Microsoft patches critical bugs in Windows, Office
Outlook vulnerability could be big, say researchers, but Google engineer's bug should be patched first
Computerworld - Microsoft today patched five vulnerabilities in Windows and Office, including a bug hackers have been exploiting for almost a month.
As expected, today's patch slate was short: Just four security updates that included fixes for five separate flaws. Of the four updates, three were rated "critical," the highest threat ranking in Microsoft's four-step scoring system. All five of the specific vulnerabilities patched today were also rated critical.
Two of the bulletins affected Windows, while the remaining pair impacted Office. Four of the five vulnerabilities in the bulletin quartet were pegged by Microsoft with an exploitability index score of "1," meaning that the company expects attacks to materialize in the next 30 days.

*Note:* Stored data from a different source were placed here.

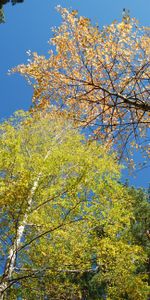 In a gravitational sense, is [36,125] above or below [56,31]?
above

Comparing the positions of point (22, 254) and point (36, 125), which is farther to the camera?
point (36, 125)

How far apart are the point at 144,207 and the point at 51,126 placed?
602cm

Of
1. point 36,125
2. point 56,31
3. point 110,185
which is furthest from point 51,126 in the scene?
point 56,31

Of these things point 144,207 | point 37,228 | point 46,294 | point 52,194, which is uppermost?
point 144,207

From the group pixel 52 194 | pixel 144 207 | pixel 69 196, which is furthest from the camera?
pixel 144 207

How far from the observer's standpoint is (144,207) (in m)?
15.1

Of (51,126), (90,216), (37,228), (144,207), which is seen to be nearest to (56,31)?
(90,216)

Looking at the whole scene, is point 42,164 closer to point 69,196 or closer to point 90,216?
point 69,196

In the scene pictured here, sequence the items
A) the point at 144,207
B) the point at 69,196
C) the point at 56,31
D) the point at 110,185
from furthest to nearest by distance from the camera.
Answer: the point at 144,207
the point at 110,185
the point at 69,196
the point at 56,31

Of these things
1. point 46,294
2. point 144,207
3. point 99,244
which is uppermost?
point 144,207

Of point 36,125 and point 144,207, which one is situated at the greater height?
point 36,125

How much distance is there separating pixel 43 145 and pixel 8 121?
1608 mm

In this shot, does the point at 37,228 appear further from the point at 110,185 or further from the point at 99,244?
the point at 110,185

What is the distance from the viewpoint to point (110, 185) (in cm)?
869
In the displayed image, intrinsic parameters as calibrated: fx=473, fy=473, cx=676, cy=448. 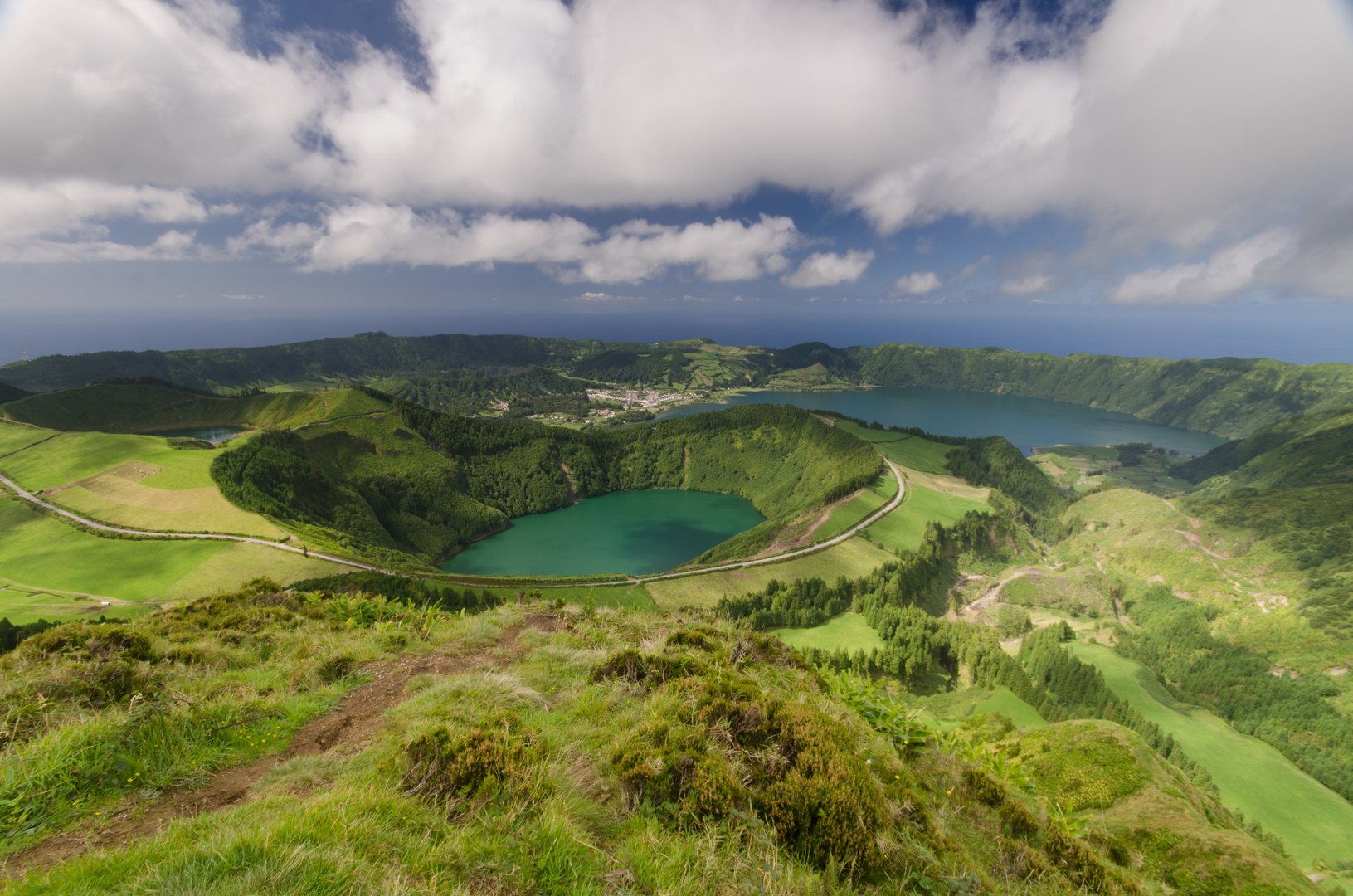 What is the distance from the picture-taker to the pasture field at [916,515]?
285ft

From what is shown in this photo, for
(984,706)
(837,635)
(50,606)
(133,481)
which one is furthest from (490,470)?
(984,706)

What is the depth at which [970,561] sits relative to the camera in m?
89.8

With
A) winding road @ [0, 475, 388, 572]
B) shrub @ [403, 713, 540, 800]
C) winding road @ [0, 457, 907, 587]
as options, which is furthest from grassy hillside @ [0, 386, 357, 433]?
shrub @ [403, 713, 540, 800]

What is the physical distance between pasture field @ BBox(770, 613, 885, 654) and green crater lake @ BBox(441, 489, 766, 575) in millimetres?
33332

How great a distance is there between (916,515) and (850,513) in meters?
14.6

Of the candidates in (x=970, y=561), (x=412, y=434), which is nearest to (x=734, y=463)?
(x=970, y=561)

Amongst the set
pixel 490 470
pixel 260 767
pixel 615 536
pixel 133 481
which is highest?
pixel 260 767

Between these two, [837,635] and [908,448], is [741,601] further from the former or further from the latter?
[908,448]

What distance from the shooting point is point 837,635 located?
197ft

The most prominent of the pair was MS10-042, the update that addressed the vulnerability in Windows XP's Help and Support Center, a feature that lets users access and download Microsoft help files from the Web and can be used by support technicians to launch remote support tools on a local PC.
In early June, Tavis Ormandy, a security engineer who works for Google, published attack code for the bug -- which also affected Windows Server 2003 -- and immediately unleashed a heated debate. While some security researchers criticized Ormandy for taking the bug public, others rose to his defense, blasting both Microsoft and the press -- including Computerworld -- for linking Ormandy to his employer.

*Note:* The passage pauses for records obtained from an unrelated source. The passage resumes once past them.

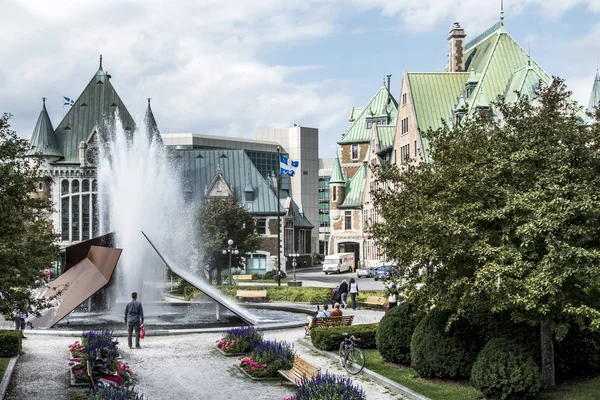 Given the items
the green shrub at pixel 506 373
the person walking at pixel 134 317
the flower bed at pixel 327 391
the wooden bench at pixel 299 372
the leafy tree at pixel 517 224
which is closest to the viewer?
the flower bed at pixel 327 391

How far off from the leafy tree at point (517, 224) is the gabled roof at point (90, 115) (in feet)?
229

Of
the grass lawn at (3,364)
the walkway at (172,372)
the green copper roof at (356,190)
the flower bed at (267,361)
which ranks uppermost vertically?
the green copper roof at (356,190)

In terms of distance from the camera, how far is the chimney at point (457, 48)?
84.6 metres

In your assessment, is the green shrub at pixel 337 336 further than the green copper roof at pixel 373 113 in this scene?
No

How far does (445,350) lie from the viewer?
62.0 feet

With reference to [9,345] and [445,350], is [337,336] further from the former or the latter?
[9,345]

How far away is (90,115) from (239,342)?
6592cm

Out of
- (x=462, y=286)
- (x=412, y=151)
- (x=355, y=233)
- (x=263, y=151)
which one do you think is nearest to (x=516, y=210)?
(x=462, y=286)

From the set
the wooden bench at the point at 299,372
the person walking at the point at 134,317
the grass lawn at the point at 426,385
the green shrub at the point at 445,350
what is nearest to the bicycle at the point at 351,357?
the grass lawn at the point at 426,385

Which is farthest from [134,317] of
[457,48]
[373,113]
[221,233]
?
[373,113]

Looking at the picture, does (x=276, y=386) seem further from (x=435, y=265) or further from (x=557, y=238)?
(x=557, y=238)

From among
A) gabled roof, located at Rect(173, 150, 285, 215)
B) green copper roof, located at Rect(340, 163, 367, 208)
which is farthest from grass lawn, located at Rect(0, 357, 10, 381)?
green copper roof, located at Rect(340, 163, 367, 208)

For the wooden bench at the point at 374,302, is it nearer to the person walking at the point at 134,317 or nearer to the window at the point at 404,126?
the person walking at the point at 134,317

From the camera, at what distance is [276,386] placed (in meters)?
19.8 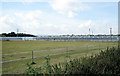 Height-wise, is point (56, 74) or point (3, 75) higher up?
point (56, 74)

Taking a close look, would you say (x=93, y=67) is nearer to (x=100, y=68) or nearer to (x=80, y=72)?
(x=100, y=68)

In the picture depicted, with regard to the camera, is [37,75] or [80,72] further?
[37,75]

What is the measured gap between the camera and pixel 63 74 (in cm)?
405

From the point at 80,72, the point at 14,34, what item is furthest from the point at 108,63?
the point at 14,34

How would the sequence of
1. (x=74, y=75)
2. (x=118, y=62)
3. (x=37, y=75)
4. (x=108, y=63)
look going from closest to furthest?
(x=74, y=75) < (x=37, y=75) < (x=108, y=63) < (x=118, y=62)

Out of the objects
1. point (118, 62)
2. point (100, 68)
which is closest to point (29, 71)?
point (100, 68)

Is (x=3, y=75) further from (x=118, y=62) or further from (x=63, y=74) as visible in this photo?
(x=118, y=62)

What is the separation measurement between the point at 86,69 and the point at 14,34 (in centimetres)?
10414

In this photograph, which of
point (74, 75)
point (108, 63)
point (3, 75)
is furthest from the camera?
point (3, 75)

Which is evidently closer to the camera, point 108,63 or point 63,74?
point 63,74

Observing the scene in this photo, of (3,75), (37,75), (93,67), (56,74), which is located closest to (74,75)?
(56,74)

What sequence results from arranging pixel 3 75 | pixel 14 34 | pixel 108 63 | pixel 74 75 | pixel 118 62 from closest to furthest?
pixel 74 75
pixel 108 63
pixel 118 62
pixel 3 75
pixel 14 34

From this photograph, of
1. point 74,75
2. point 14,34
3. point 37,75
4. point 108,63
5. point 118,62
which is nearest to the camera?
point 74,75

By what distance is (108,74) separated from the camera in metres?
4.01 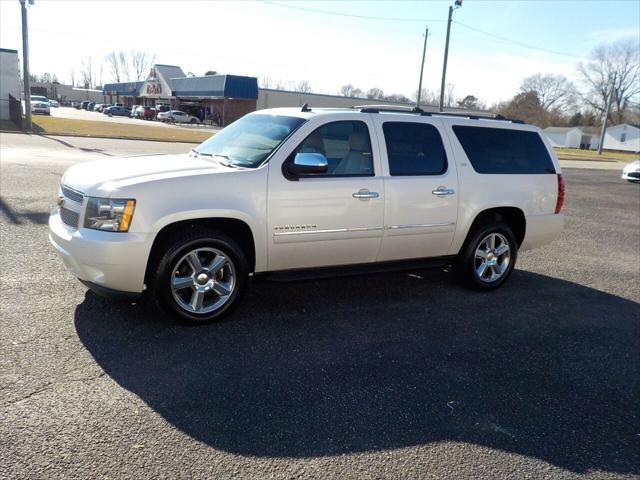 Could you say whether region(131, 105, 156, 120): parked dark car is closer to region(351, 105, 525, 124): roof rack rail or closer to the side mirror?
region(351, 105, 525, 124): roof rack rail

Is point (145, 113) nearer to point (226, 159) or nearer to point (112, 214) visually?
point (226, 159)

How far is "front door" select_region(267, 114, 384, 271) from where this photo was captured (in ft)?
15.4

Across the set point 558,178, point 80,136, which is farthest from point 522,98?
point 558,178

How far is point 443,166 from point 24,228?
5.70 m

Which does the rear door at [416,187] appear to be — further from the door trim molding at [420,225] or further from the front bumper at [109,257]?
the front bumper at [109,257]

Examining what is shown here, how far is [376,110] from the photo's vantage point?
543cm

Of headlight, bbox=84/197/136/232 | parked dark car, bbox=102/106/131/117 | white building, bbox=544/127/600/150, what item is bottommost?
headlight, bbox=84/197/136/232

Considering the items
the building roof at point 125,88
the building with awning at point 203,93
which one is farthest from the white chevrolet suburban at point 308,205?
the building roof at point 125,88

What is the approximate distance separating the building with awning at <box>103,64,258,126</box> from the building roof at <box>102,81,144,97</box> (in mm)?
264

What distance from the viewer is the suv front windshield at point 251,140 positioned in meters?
4.83

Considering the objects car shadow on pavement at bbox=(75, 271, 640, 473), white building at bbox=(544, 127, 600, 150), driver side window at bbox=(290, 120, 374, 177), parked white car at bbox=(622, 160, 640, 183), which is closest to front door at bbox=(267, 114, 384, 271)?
driver side window at bbox=(290, 120, 374, 177)

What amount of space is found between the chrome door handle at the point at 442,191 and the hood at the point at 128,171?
2.23 metres

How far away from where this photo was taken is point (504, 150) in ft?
20.2

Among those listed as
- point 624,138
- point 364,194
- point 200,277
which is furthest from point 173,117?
point 624,138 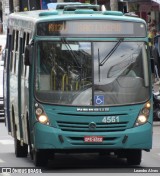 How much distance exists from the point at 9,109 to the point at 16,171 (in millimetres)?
3990

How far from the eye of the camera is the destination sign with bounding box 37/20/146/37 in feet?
61.9

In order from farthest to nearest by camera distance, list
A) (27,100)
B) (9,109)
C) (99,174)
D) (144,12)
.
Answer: (144,12)
(9,109)
(27,100)
(99,174)

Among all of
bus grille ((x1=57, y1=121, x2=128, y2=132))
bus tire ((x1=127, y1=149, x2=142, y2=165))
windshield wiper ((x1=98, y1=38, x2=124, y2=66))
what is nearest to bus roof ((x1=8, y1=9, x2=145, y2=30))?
windshield wiper ((x1=98, y1=38, x2=124, y2=66))

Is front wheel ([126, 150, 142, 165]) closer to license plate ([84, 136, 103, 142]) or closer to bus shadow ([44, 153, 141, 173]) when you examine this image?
bus shadow ([44, 153, 141, 173])

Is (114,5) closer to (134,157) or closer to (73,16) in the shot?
(134,157)

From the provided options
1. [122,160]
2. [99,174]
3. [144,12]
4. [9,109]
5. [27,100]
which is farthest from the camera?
[144,12]

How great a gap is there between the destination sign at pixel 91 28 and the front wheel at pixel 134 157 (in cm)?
207

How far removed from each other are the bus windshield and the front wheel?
1.15 meters

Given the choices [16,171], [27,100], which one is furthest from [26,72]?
[16,171]

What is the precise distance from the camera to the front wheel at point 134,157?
1958cm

Ormandy disclosed the vulnerability five days after reporting it to Microsoft after he said the company wouldn't commit to a patching deadline. Microsoft has disputed that, claiming that it only told Ormandy it would need the rest of the week to decide.
Users and IT administrators should apply the MS10-042 patch as soon as possible, agreed several researchers. "This is actively being exploited to target XP desktop systems," said Jason Miller, the data and security team manager for Shavlik Technologies. Miller also noted that Windows XP remains the most-popular version of Windows on both consumer and business PCs, a fact that Microsoft itself stressed yesterday when a company executive said that XP was on 74% of all corporate machines.

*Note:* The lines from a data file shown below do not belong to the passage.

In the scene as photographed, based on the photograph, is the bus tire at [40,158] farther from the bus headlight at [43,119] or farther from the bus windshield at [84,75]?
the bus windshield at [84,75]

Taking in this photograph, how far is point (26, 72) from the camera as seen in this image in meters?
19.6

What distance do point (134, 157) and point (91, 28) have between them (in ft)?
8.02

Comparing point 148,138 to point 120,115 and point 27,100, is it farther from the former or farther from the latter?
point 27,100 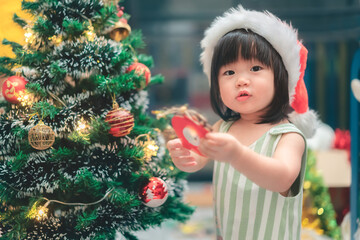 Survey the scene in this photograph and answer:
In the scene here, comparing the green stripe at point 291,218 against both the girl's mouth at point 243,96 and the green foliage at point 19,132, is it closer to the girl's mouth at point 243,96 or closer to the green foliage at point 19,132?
the girl's mouth at point 243,96

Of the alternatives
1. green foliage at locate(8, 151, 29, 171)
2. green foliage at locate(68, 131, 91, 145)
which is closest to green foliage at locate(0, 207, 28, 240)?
green foliage at locate(8, 151, 29, 171)

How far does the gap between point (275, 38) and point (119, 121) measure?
444 millimetres

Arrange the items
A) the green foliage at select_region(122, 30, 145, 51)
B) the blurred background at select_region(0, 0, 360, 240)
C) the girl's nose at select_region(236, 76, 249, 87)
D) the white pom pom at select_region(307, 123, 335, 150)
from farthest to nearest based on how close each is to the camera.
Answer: the blurred background at select_region(0, 0, 360, 240)
the white pom pom at select_region(307, 123, 335, 150)
the green foliage at select_region(122, 30, 145, 51)
the girl's nose at select_region(236, 76, 249, 87)

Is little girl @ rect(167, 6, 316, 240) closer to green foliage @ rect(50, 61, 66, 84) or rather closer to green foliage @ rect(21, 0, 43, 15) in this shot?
green foliage @ rect(50, 61, 66, 84)

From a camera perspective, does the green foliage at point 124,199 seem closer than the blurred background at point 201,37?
Yes

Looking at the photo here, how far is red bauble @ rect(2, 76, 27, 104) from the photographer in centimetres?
98

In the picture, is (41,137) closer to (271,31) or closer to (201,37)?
(271,31)

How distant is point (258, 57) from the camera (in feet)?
2.94

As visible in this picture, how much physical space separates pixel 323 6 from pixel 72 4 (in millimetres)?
2735

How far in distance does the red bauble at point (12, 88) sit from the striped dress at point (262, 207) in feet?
1.94

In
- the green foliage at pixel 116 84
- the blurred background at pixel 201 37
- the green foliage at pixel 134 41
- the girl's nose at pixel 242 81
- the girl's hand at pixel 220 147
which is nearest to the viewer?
the girl's hand at pixel 220 147

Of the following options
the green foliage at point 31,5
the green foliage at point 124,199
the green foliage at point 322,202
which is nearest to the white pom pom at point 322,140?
the green foliage at point 322,202

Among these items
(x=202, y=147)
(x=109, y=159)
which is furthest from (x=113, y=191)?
(x=202, y=147)

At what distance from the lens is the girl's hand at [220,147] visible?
0.70 metres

"I'm impressed that Microsoft was able to do a turn-around on this as quickly as they did," said Miller. "Some bugs linger for months out there."
Microsoft was first told of the Help and Support Center flaw on June 5, and confirmed that by June 15, attacks were exploiting the bug.
The other Windows update, MS10-043, patches a single bug in the 64-bit version of Windows 7 and Windows Server 2008 R2. Microsoft confirmed the vulnerability in May with a security advisory, noting then that the flaw was in Windows' Canonical Display Driver, which blends the operating system's primary graphics interface, dubbed Graphics Device Interface (GDI), and DirectX to compose the desktop.